4.2.2 Security Validation

In this part, the security of the proposed Sbox scrambling scheme on a PRESENT co-processor is evaluated against side-channel attacks. To evaluate the side-channel resistance of the proposed scheme, leakage detection techniques are used. Leakage detection [37, 38] is an alternative to traditional side-channel attacks like correlation power analysis (CPA [15]). Side-channel attacks like CPA mounts a key recovery attack on the target device to test the device. The efficiency of this attack highly depends on the estimation of underlying leakage model. While for unprotected targets generic leakage models work fine, the leakage model in a protected device can be quite complex and difficult to estimate. Moreover, attacking with wrongly estimated model affects the efficiency of the attack. As an alternative, researchers have adopted leakage detection techniques. Such techniques do not mount an attack on the device but only detect if any visible leakage is present in the side-channel traces. In other words, the leakage is detected but not exploited. The advantage of leakage detection techniques is that it is leakage model agnostic and can provide a pass/fail criteria for a device under test.

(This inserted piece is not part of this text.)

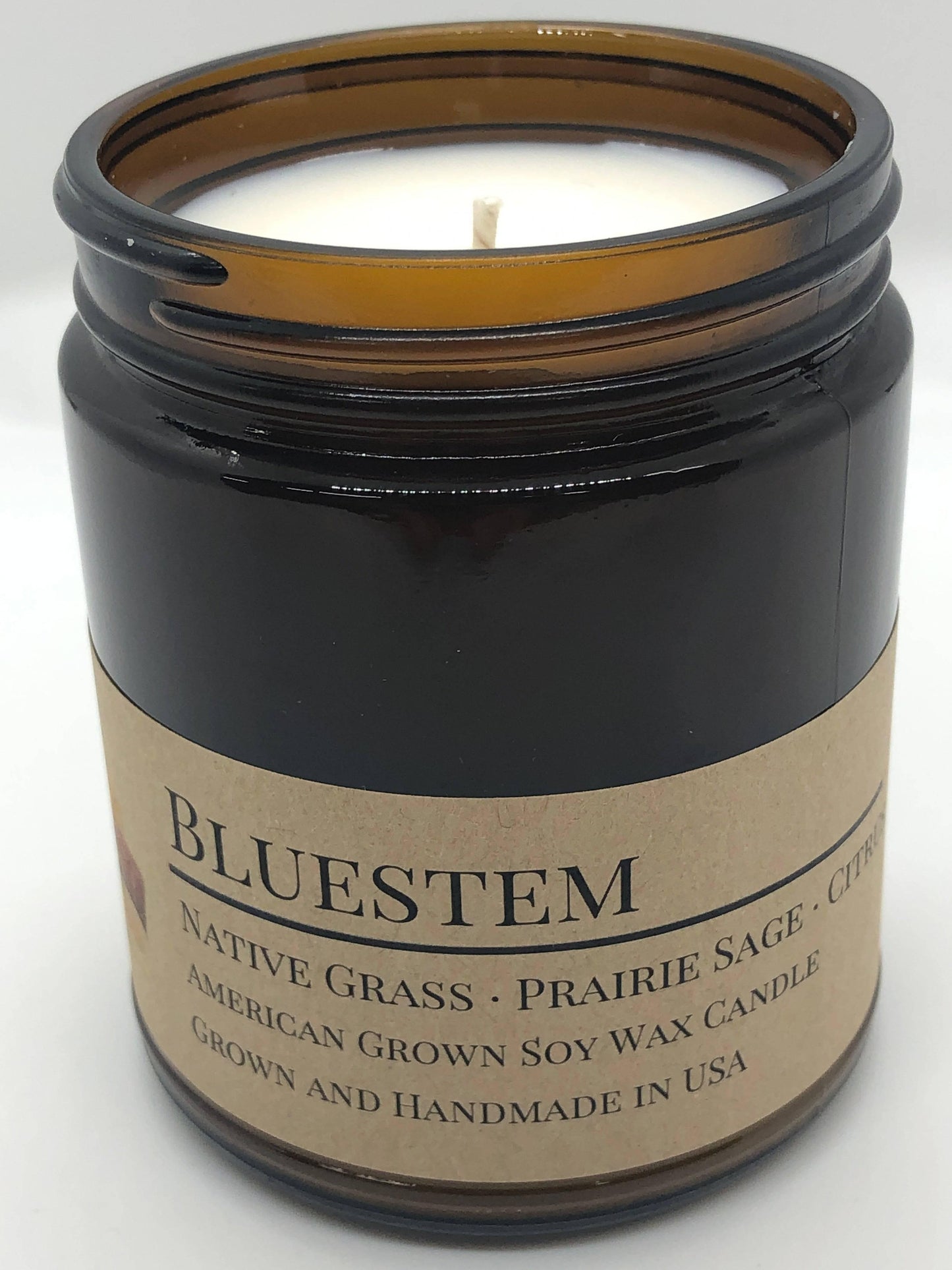 Bluestem Soy Wax Candle | 9 oz Amber Apothecary Jar-4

In this work, we have used test vector leakage assessment (TVLA [38]) as a leakage detection test. Precisely, we use the non-specific Fixed vs Random (FvR) test from TVLA suite. The test is conducted as follows: For a given device, N side-channel traces are collected for a random plaintext input and a fixed key (referred set R). Thereafter, under the same measurement conditions, another set of N side channel measurements for fixed plaintext input and fixed key (referred set F) is collected. Now, we compute the Welsh T-test on the collected traces as \(T=\frac {\mu _{r}-\mu _{f}}{\sqrt {\frac {{\sigma _{r}^{2}}+{\sigma _{f}^{2}}}{N}}}\), where μ r ,σ r are mean and standard deviation of set R and μ f ,σ f are mean and standard deviation of set F. If the absolute T-value is > 4.5, then the collected traces carry side-channel leakage. The process is repeated for each sample in the collected traces. Moreover, to avoid any change in environmental conditions for the two set of traces, the random and fixed plaintext are interleaved. Also it is recommended to run TVLA on middle rounds to avoid misleading leakage from plaintext and ciphertext loading, which is not sensitive in nature. For a properly masked implementation, TVLA should not be able to distinguish random plaintext from fixed plaintext and thus give a absolute TVLA value < 4.5.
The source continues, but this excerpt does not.